In this article, I will explain about creating HDInsight clusters with accessing Azure Data Lake Store. The data which we process will be stored in Data Lake Store. Also, we can use default storage of Data Lake or we can add the additional storage account, so that the cluster related files will be stored in Blob storage. By using Data Lake Store, we can write the data from storm topology.

Prerequisites

  1. An active Azure subscription.
  2. An active Azure Data Lake Store.
  3. An active Azure storage

Step 1

Login into Azure portal.

Step 2

Before starting with HDInsight cluster, we need to create Hadoop clusters in HDInsight; you can refer the article http://www.c-sharpcorner.com/article/hdinsight-cluster-based-with-linux-in-azure/. And, we need to create a storage account.

Step 3

After creating HDInsight and storage account, search for stream analytics in search menu and click "Create Stream Analytics jobs".

 

Step 4

Now, we need to provide a small values for the stream analytics job and provide a unique name for the job name and create a new resource group with the location of the datacenter and click Create.

 

Step 5

After creation, a Window page will appear and from the left pane, click inputs and click Add.

 

Step 6

In the input blade, we need to provide the values given below.

Provide a name for input alias.

Select the source as blob storage.

Select the source type as data stream.

Select the storage account, which has been previously created.

Click Create.

 

Step 7

Switch to stream analytics job page and click Output tab and click Add.

 

Step 8

Now, in output blade, we need to provide the requirements given below.

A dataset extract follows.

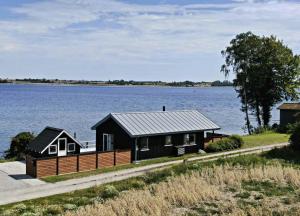 Secluded House With View Over Kertinge Nor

Provide a name for the output alias and provide a name as well as for the path prefix pattern and click Create.

 

Step 9

I have provided an overview for running the stream analytics jobs only. We can run a query from the query tab given below, so that we can replace the queries for the input and the output.

 

Step 10

Click Save in top menu and click Overview tab. Click Start from the dialog box. We can select the custom time and set time + date. Click-> Start and the data will be processed on the time schedule, which we selected.